The User mode presentation of the profile data attempts to present the information as if the program really executed according to the model described in Overview of OpenMP Software Execution. The actual data captures the implementation details of the runtime library, libmtsk.so , which does not correspond to the model. In User mode, the presentation of profile data is altered to match the model better, and differs from the recorded data and Machine mode presentation in three ways:
Artificial functions are constructed representing the state of each thread from the point of view of the OpenMP runtime library.
Call stacks are manipulated to report data corresponding to the model of how the code runs, as described above.
Two additional metrics of performance are constructed for clock-based profiling experiments, corresponding to time spent doing useful work and time spent waiting in the OpenMP runtime.
Artificial functions are constructed and put onto the User mode call stacks reflecting events in which a thread was in some state within the OpenMP runtime library.

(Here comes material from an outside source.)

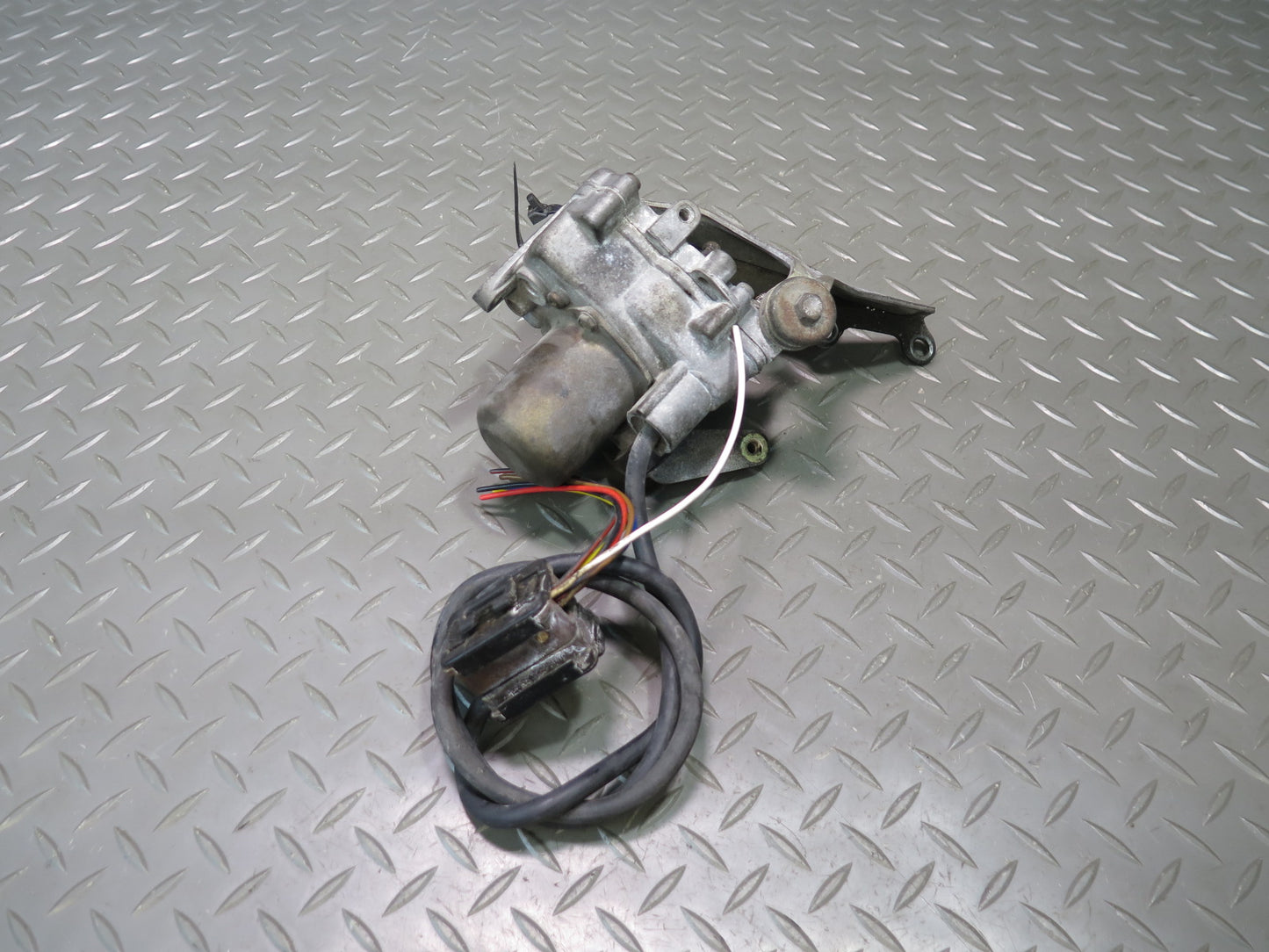 81-89 Mercedes R107 380SL 560SL Cruise Control Actuator Motor 0015457532 OEM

The following artificial functions are defined:
<OMP-overhead> |
Executing in the OpenMP library |
<OMP-idle> |
Slave thread, waiting for work |
<OMP-reduction> |
Thread performing a reduction operation |
<OMP-implicit_barrier> |
Thread waiting at an implicit barrier |
<OMP-explicit_barrier> |
Thread waiting at an explicit barrier |
<OMP-lock_wait> |
Thread waiting for a lock |
<OMP-critical_section_wait> |
Thread waiting to enter a critical section |
<OMP-ordered_section_wait> |
Thread waiting for its turn to enter an ordered section |
When a thread is in an OpenMP runtime state corresponding to one of those functions, the corresponding function is added as the leaf function on the stack. When a thread’s leaf function is anywhere in the OpenMP runtime, it is replaced by <OMP-overhead> as the leaf function. Otherwise, all PCs from the OpenMP runtime are omitted from the user-mode stack.
For OpenMP experiments, user mode shows reconstructed call stacks similar to those obtained when the program is compiled without OpenMP.